In 15th century Florence, a rebirth of arts and culture inspired by Greek and Roman antiquity resulted in a humanistic outlook.
The Minneapolis Institute of Art's exhibition "Botticelli and Renaissance Florence: Masterworks from the Uffizi," opening Oct. 16, brings that sensibility into the present. Visitors to the exhibit will be greeted by a mural of Renaissance Florence and drawings of the city surrounded by a stone wall.
The special project brings more than 45 loaned works from Renaissance Florence to Minneapolis. The exhibit includes paintings, drawings, prints and decorative arts by Sandro Botticelli, his teacher Fra Filippo Lippi, and colleagues Domenico Ghirlandaio, Cosimo Rosselli and Pietro Perugino, as well as a selection of ancient Roman marble sculptures that inspired the artists.
"I love the idea that in the Renaissance there's this rebirth of naturalism that comes from seeing the antique, and then there is also this idea that there was this past that was previously unknowable," said Katie Luber, Mia's director and president. "And I think that's true for us still, right? We have a hard time thinking about what was it like to live in the 1470s, '80s and '90s Florence, when there's no indoor plumbing, electricity, or washing machines."
The collaboration began two years ago.
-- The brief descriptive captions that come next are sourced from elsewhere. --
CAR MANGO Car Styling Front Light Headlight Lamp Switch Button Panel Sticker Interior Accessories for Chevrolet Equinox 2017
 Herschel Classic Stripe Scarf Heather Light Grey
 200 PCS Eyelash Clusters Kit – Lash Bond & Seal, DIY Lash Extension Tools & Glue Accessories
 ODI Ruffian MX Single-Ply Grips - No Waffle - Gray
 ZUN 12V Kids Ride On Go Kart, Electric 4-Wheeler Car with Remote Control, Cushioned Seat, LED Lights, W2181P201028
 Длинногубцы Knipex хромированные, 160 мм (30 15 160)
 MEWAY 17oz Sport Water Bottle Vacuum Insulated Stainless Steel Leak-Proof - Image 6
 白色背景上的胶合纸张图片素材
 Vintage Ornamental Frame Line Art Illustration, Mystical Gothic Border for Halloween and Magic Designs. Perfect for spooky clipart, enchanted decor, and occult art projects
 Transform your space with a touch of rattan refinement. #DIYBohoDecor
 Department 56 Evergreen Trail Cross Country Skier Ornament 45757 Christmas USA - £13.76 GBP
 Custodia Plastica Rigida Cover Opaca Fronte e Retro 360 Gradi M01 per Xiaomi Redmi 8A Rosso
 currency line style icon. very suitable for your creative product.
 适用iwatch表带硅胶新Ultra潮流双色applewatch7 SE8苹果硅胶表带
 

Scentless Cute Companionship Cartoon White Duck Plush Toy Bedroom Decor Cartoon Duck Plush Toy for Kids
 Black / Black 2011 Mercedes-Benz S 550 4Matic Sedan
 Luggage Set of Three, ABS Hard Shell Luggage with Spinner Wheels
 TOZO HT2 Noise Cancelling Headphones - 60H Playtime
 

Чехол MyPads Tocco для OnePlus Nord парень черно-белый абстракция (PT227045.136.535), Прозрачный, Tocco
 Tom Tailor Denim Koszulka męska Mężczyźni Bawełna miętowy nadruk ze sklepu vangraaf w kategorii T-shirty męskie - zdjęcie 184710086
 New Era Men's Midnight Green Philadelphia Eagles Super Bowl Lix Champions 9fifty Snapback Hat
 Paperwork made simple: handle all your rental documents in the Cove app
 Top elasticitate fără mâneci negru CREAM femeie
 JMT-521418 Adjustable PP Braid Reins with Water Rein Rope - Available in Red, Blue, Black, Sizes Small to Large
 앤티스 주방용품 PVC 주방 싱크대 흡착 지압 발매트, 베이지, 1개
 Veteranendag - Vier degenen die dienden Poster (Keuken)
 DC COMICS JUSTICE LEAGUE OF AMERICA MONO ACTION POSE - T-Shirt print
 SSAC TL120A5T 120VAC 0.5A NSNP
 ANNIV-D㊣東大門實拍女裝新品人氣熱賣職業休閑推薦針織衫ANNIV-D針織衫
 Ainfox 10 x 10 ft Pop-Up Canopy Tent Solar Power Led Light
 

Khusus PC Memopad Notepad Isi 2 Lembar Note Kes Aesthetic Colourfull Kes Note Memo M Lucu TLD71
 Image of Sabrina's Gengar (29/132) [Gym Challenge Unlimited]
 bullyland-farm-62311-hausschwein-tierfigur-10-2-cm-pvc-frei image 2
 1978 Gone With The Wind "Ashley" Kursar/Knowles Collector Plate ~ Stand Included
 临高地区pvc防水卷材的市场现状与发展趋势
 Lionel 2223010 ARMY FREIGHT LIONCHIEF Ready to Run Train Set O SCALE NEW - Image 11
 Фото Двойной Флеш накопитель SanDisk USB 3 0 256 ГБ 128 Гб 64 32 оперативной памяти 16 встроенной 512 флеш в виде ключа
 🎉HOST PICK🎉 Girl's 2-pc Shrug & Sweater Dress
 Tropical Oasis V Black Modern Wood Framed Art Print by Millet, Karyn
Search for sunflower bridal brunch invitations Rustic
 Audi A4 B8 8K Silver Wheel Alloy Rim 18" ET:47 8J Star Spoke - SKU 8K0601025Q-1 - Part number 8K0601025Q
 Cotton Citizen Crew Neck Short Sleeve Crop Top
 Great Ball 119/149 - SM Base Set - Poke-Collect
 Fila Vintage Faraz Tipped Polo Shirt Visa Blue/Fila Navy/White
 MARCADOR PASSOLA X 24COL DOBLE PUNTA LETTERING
Luber reached out to Eike Schmidt, former curator of sculpture, applied art and textiles at Mia from 2009-15, now director of the Uffizi Gallery.
"Thinking of COVID and the unrest that the city went through, I think it's something that we can very much relate to with the Renaissance where a new visual language was developed," Schmidt said. "It was a return to millennia-old scholarship that really helped rekindle the interest in learning, human values and social values, and I think that's something people nowadays can relate to."
The prospering of Renaissance Florence was due largely to the political ascendancy of the Medici family, an Italian banking family that came to power during the first half of the 15th century. Cosimo de' Medici became one of Italy's wealthiest individuals, and his lineage had four popes, including Pope Leo X. The Medici family is known as one of the great patrons of the Renaissance and in art history.